Présence intellectuelle ? Pas beaucoup plus apparente : la radio-diffusion chinoise en français et anglais n’est guère audible — et assez mal — que sur la côte orientale. Les publications de propagande, les périodiques comme Chine Nouvelle ne sont diffusés massivement que dans un petit nombre de pays, où ils agissent surtout sur la minorité lettrée. Il y a bien la multiplication des invitations touristiques à Pékin, qui jouent un rôle important, mais ne touchent en absolu qu’un petit nombre de gens recrutés en bonne part parmi les émigrés, étudiants d’universités européennes ou réfugiés politiques plus ou moins professionnels. Est-ce à dire que l’influence chinoise en Afrique est un mythe inventé en quelque sorte par auto-intoxication ? Nullement. Ce qui est plus ou moins mythique, ce sont les fondements de cette influence, ses motivations. L’influence elle-même est réelle, d’autant plus insidieuse et difficile à combattre que, justement, elle est plus discrète, plus insaisissable, et fondée sur des données d’autant plus incontestables qu’elles sont en quelque sorte immatérielles et impalpables. Ce mythe chinois n’est pas propre à l’Afrique, mais il y présente des caractères particuliers qui le distinguent assez nettement de sa version originale asiatique : celle-ci est, précisément, beaucoup moins mythique.

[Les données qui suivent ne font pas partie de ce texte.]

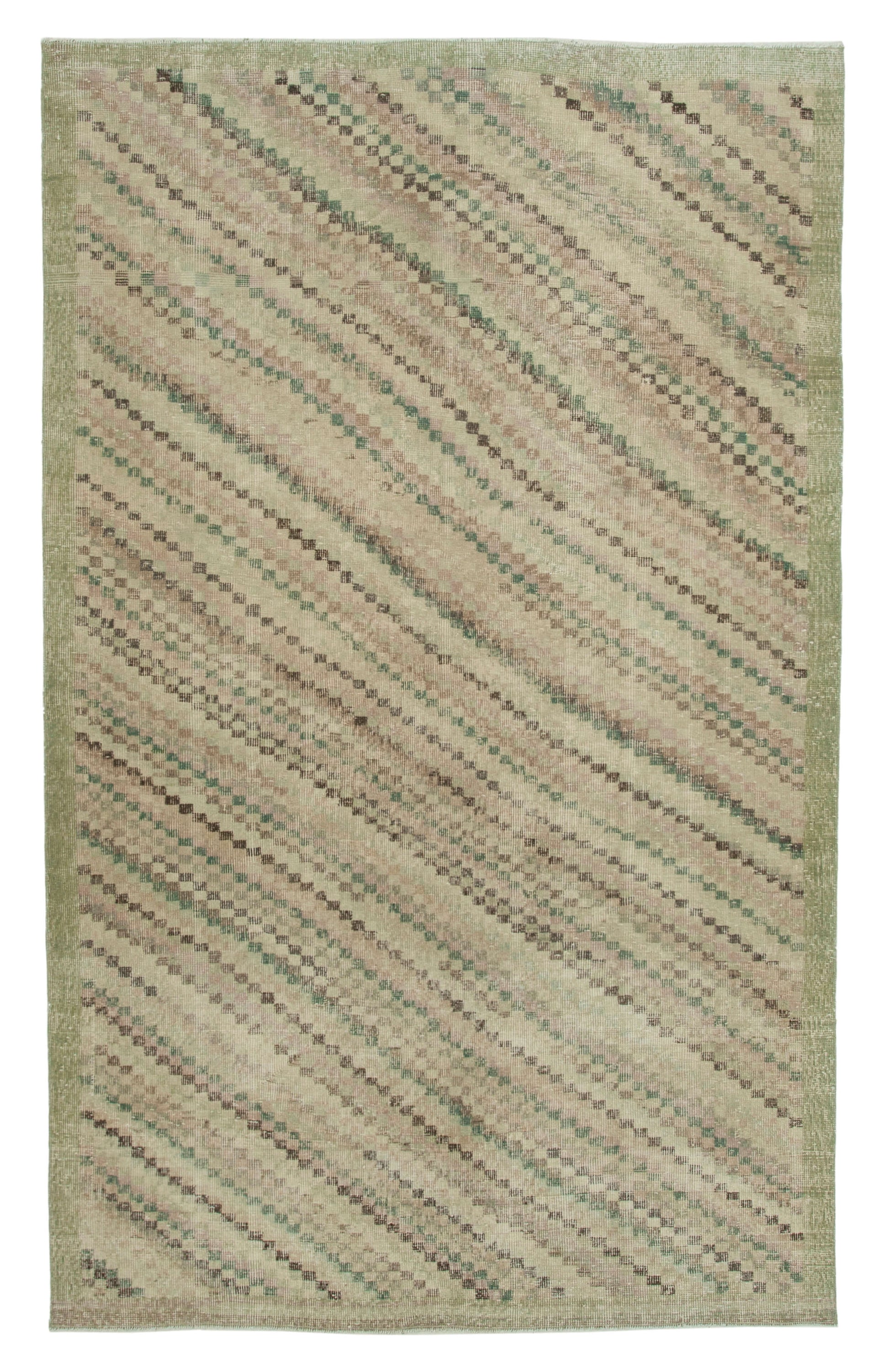 6x9 Beige Bohemian Rug  - 31305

Aux yeux de la plupart des Occidentaux et de quelques Africains mieux informés, la Chine représente une menace. Au contraire, — et par cela même, symétriquement si l’on veut — d’autres Africains, sensiblement plus nombreux, voient en elle une promesse. Le communisme chinois est, pour ces Africains, un peu ce qu’est le communisme soviétique pour tous les Français, qui, sans adhérer au P.C. ni même connaître vraiment sa doctrine, votent régulièrement pour lui. Il est à noter que, dans la décennie qui a suivi la guerre, ce prestige soviétique s’étendait largement à l’Afrique noire : ce n’est que par la suite qu’il s’est trouvé relayé puis progressivement remplacé par l’influence chinoise, en partie grâce à une action consciente et délibérée de la Chine elle-même, en partie, grâce à des mécanismes sociaux et psychologiques plus diffus, qu’elle a utilisés plutôt qu’elle ne les a suscités. La défaite de Tchang Kai Tchek, la guerre de Corée, Dien Bien Phu marquent les degrés ascendants de cette influence, sa progression vers l’ouest. Après Suez, et surtout après l’option guinéenne de 1958, elle est définitivement implantée en Afrique.